Pronto te acostumbras a este paisaje de la desolación. Por un lado, el patrimonio herido, las torres derrumbadas, la incapacidad de mantenerlo todo en pie, porque la historia es mucha. Los alpendres, las naves, los edificios mineros, los pozos y sus infraestructuras, constituyendo un paisaje que ya no es más que un decorado tembloroso de la memoria. Sólo agitan sus brazos los gigantes, los molinos del gigante Briareo. Los montes y los bosques olvidados, la ganadería doliente: una provincia rotunda, paisajísticamente incomparable, que sigue esperando una mano que la despierte.
Mientras las muertes de Cerredo abren las heridas de un pasado aún presente, mientras levantan en el inicio de abril (en efecto, el mes cruel de Eliot), ese muro de fatalidad y resignación que en nada nos ayuda, escucho esta historia kafkiana del ferrocarril, el habitual relato de la inacción o del descreimiento. Soñé, creo que estúpidamente, con que León se apuntase al metro ligero, como muchas ciudades europeas. Ordoño es ahora un lugar para la confluencia, para el acercamiento ciudadano. Creo en las ciudades que potencian entornos de seguridad para los peatones y las bicicletas, por supuesto, pero también para el transporte público moderno y ecológico. Sacar el coche del centro de las ciudades, sí, pero no sólo para sustituirlo por aparcamientos subterráneos, sino para establecer un circuito de movilidad pública no contaminante que se mezcle con la energía dinamizadora de la gente. Pero me temo que es mucho pedir. No somos tan europeos, todavía. Y tendríamos que serlo mucho más.

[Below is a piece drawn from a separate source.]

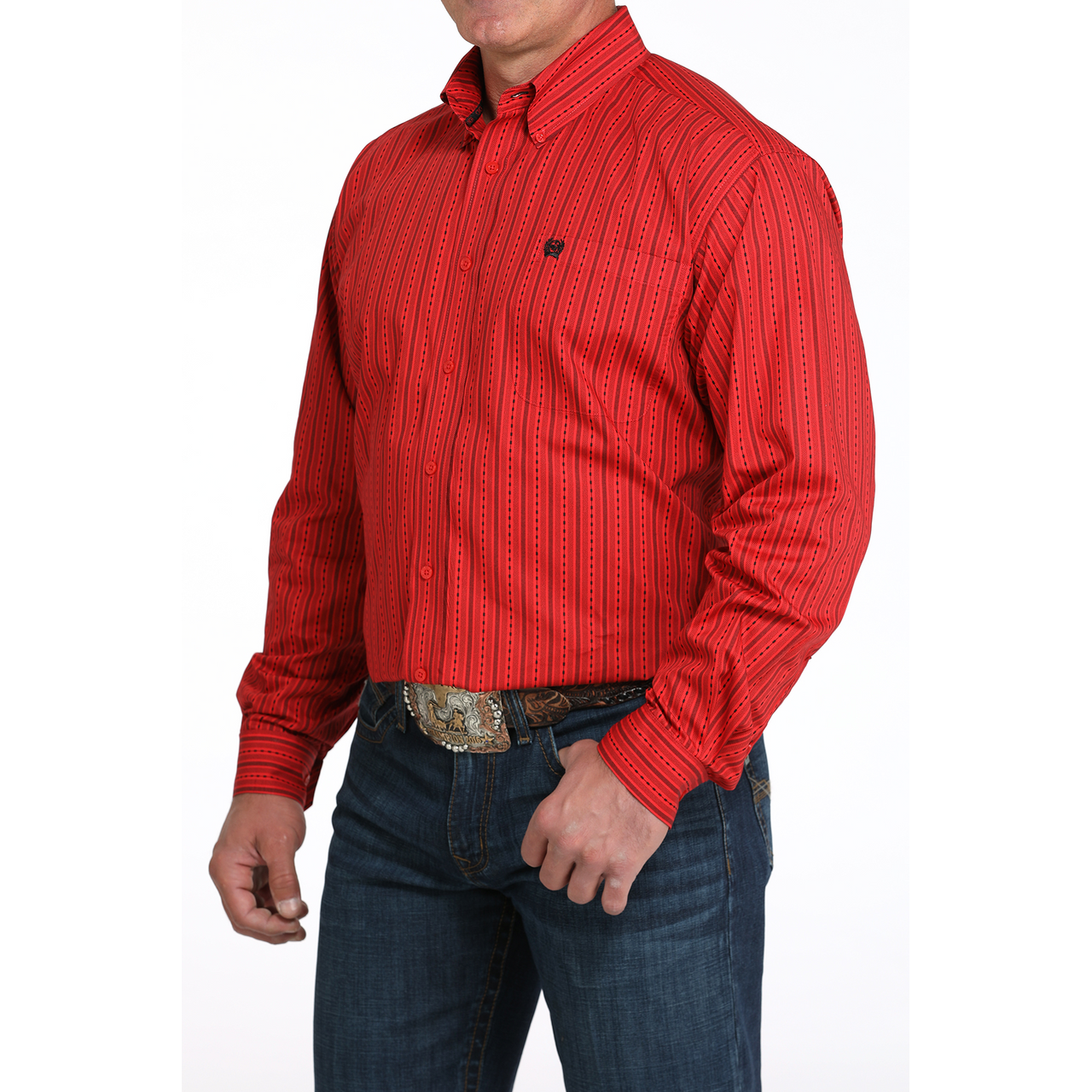 CINCH - Men LONG SLEEVE BUTTON-DOWN SHIRT, Geometric Print, Red MTW1105991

Ni Feve, siquiera, logra alcanzar el corazón de la ciudad. Los pequeños trenes que articularon históricamente la montaña languidecen también. Y están los pueblos, ahora que se devanan los sesos por encontrar soluciones al abandono rural. ¿No tendrá que ver, también, con el acercamiento a la ciudad, con ofrecer conexiones como herramienta de progreso? No parece difícil de entender. ¿Cuánto se invierte en obra pública en León, en comparación con el conjunto de la región? Pongamos por caso. En fin, los días negros se acumulan en nuestro corazón. Aunque nada tan negro como estas muertes inexplicables de Cerredo. Este luto que regresa con aire de otro tiempo.